BEGIN

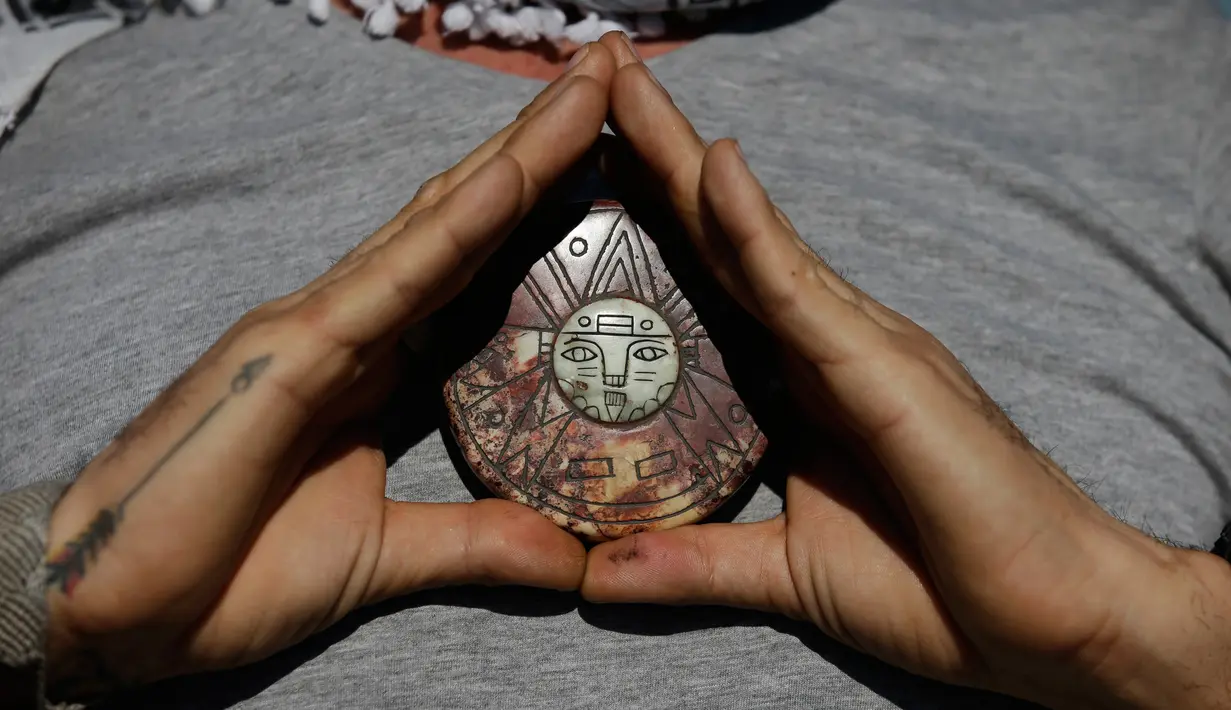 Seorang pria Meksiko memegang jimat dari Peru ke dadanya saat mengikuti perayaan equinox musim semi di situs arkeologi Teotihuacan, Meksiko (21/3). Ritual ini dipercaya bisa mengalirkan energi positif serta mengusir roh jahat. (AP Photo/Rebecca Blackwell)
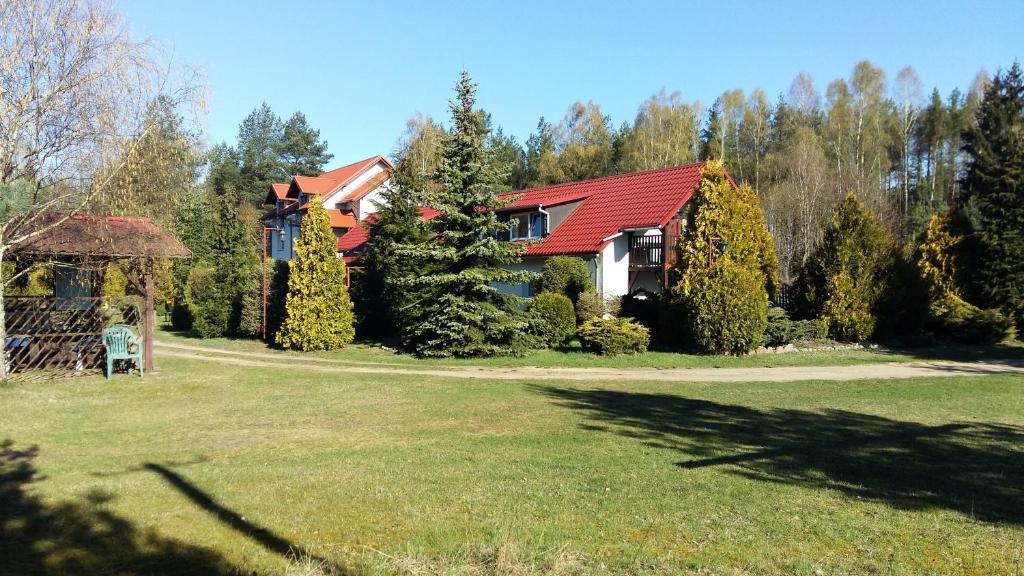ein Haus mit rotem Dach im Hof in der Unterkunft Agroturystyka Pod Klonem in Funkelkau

END
BEGIN

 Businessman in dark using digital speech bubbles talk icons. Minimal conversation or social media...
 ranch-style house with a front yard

END

[Exercise requirements]: Although the records above contain pictures, the copy must not; set down exactly the lines from the one with "Seorang pria Meksiko" up to and including the one with "ein Haus mit".

[Solution below]:
 Seorang pria Meksiko memegang jimat dari Peru ke dadanya saat mengikuti perayaan equinox musim semi di situs arkeologi Teotihuacan, Meksiko (21/3). Ritual ini dipercaya bisa mengalirkan energi positif serta mengusir roh jahat. (AP Photo/Rebecca Blackwell)
ein Haus mit rotem Dach im Hof in der Unterkunft Agroturystyka Pod Klonem in Funkelkau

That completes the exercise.